Assigned task: Only one stretch of the records below is wanted: the lines from the one holding "Artist painting on" through the one holding "map of restaurants, bars, coffee". Return it exactly, both ends included.

Stored records:

_ _ _ _

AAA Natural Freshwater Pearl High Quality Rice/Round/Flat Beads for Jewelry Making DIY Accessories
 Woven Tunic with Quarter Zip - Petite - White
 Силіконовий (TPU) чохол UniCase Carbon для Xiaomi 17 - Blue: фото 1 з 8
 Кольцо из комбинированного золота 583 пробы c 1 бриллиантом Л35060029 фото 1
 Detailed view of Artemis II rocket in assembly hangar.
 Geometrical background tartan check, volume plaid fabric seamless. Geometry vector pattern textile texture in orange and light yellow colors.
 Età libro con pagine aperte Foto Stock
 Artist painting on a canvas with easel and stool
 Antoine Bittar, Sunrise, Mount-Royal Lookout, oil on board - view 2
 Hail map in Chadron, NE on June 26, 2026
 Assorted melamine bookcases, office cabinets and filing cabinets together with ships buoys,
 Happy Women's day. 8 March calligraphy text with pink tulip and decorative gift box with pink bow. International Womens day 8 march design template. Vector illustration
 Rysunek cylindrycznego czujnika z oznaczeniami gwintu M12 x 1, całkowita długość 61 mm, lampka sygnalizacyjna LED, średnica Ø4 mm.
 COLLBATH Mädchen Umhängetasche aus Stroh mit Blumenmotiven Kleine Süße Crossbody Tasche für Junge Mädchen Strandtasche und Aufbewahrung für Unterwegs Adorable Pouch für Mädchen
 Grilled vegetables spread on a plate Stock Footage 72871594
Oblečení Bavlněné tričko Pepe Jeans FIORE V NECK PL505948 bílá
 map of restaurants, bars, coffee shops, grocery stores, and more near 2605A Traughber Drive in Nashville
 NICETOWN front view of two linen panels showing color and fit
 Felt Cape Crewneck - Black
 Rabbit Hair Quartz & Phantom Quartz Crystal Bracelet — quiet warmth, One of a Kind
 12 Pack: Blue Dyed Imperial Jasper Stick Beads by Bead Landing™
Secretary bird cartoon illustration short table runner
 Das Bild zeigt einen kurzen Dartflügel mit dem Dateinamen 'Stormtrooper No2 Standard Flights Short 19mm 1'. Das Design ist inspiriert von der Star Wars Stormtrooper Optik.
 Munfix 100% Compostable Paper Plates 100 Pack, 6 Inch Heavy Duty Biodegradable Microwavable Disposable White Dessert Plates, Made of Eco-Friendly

_ _ _ _

Answer box:
 Artist painting on a canvas with easel and stool
 Antoine Bittar, Sunrise, Mount-Royal Lookout, oil on board - view 2
 Hail map in Chadron, NE on June 26, 2026
 Assorted melamine bookcases, office cabinets and filing cabinets together with ships buoys,
 Happy Women's day. 8 March calligraphy text with pink tulip and decorative gift box with pink bow. International Womens day 8 march design template. Vector illustration
 Rysunek cylindrycznego czujnika z oznaczeniami gwintu M12 x 1, całkowita długość 61 mm, lampka sygnalizacyjna LED, średnica Ø4 mm.
 COLLBATH Mädchen Umhängetasche aus Stroh mit Blumenmotiven Kleine Süße Crossbody Tasche für Junge Mädchen Strandtasche und Aufbewahrung für Unterwegs Adorable Pouch für Mädchen
 Grilled vegetables spread on a plate Stock Footage 72871594
Oblečení Bavlněné tričko Pepe Jeans FIORE V NECK PL505948 bílá
 map of restaurants, bars, coffee shops, grocery stores, and more near 2605A Traughber Drive in Nashville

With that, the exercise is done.